Please keep to the lines below from the one with "Bamboo Underbed Storage" through the one with "Lot De 6 Chaises", and restate them word for word, ends included.

═══ Given data ═══

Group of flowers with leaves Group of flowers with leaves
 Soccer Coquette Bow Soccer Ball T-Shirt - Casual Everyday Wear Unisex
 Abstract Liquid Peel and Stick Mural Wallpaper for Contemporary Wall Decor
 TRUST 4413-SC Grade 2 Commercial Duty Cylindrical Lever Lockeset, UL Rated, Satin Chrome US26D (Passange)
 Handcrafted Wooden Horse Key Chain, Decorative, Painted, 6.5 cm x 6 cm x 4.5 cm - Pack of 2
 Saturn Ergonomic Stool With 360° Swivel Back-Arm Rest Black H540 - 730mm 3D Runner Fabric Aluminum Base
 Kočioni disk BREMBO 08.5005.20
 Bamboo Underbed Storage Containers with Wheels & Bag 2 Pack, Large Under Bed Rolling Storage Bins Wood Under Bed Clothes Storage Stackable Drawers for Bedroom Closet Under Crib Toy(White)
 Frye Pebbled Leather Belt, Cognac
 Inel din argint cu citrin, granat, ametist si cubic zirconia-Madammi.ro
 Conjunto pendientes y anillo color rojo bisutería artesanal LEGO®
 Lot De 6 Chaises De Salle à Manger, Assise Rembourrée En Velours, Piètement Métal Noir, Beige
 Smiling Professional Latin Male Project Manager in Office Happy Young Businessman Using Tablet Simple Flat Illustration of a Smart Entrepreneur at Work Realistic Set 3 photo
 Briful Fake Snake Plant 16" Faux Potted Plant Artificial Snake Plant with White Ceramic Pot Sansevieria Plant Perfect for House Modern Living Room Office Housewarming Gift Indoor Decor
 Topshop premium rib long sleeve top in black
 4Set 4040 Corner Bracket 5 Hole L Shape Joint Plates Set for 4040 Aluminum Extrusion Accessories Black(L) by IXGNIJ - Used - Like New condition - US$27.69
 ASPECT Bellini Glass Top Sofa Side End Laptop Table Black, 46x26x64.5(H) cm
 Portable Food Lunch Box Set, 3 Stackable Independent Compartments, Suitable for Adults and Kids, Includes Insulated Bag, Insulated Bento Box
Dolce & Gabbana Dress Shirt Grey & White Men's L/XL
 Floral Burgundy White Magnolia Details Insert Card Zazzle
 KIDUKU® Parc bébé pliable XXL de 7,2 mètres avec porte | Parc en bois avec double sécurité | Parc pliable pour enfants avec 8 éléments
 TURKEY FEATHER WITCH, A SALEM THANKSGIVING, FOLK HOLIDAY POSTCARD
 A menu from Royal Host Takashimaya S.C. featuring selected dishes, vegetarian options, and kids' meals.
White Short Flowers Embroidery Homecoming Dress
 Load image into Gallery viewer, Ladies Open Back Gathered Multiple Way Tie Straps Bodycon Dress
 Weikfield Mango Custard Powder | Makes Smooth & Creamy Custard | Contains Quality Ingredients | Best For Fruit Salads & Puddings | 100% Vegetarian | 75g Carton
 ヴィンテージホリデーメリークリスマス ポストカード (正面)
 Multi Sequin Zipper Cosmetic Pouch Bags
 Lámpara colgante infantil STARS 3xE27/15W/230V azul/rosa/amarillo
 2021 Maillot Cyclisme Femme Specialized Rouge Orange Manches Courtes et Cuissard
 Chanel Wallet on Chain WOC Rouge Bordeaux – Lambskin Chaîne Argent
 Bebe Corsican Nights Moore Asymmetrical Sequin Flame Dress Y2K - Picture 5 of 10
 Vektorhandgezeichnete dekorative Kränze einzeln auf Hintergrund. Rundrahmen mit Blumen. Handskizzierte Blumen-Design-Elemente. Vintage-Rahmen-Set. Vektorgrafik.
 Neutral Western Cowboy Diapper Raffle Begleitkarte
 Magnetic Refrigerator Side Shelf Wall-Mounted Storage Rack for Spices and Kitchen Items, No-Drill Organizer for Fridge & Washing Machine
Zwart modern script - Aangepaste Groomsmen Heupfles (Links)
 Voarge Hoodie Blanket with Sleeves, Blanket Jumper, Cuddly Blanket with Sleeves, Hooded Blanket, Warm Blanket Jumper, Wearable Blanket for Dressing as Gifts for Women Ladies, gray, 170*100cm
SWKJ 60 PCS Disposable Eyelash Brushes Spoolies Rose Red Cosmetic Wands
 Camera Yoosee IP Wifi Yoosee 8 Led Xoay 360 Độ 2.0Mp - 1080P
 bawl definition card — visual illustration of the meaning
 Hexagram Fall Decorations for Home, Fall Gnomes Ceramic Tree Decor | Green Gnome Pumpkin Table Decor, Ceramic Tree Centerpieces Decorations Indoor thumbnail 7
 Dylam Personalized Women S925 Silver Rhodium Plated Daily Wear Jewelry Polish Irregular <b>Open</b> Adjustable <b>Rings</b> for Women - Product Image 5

═══

# [Answer]
 Bamboo Underbed Storage Containers with Wheels & Bag 2 Pack, Large Under Bed Rolling Storage Bins Wood Under Bed Clothes Storage Stackable Drawers for Bedroom Closet Under Crib Toy(White)
 Frye Pebbled Leather Belt, Cognac
 Inel din argint cu citrin, granat, ametist si cubic zirconia-Madammi.ro
 Conjunto pendientes y anillo color rojo bisutería artesanal LEGO®
 Lot De 6 Chaises De Salle à Manger, Assise Rembourrée En Velours, Piètement Métal Noir, Beige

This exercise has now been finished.